Although we did this a couple years ago it has only seen a couple of ascents. Brent and I established this route ground up in the winter of 1998. We aided the second pitch and were forced off the wall after 5 pitches, due to a blizzard during the night spent in our portaledge. I later rapped the headwall at the top to scope a line and clean off some loose blocks (I did not place any bolts on rap as stated in the 2003 AAJ, this was placed on lead). Eventually in May of 2002 Brent and I returned to free the entire climb. Parts of the climb are shared with variations of the Dalke Route.
The journey begins to the left of an overhang/cave with a slab above it at the lowest point of the Main buttress of Cathedral Wall. Here can be found a small tree against the wall which marks the starting point.
Pitch 1: Pull a difficult move behind the small tree to gain access to the slab. Traverse right and head up to a tree in the middle of the slab (the pitches only pro). From the tree head up and slightly left to the base of an overhanging crack system that splits the roof above. (5.6R)
Pitch 2: Jump onto the crack system and get ready for a pump.

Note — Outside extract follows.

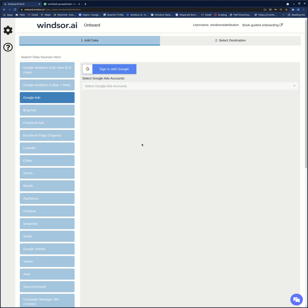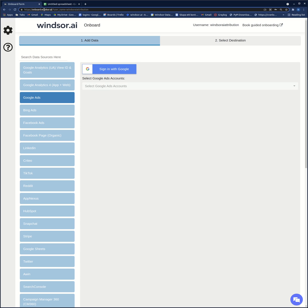Hi everyone. In this video I'm going to show you how to connect all your marketing data sources to Google Sheets, and especially we're going to focus on Google Ads. So I go to honorboard.winsor.ai and then I connect Google Ads here.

Some fixed gear here and there. Awsome climbing pulling the lip. Don't mistake this pitch for the overhanging corner system to the right. This pitch goes straight out the middle of the roof to another tree above.(5.11)
Pitch 3: Start up the wall to the right of the tree. Meander up and slightly left following any protection possibilities you can. (5.8R) Eventually you will end 60m out at a bolt below a white roof.
Pitch 4: Head into the white roof and climb out it's left side and up a crack system to the top of a small pillar right on the prow of the buttress.(5.8+)
Pitch 5: Avoid the temtation to head right onto easy terrain. Instead go directly left 5-10ft. and then straight up (no pro) eventually gaining a ramp system that takes you left. When the ramp levels off and cuts accross the entire wall climb above it into the headwall. Follow a non descript crack into the middle of the wall. At its end, just as things get steep, your forced to climb out right and up to the big ledge. Fight the rope drag to the back of the ledge and a bolt.(5.9)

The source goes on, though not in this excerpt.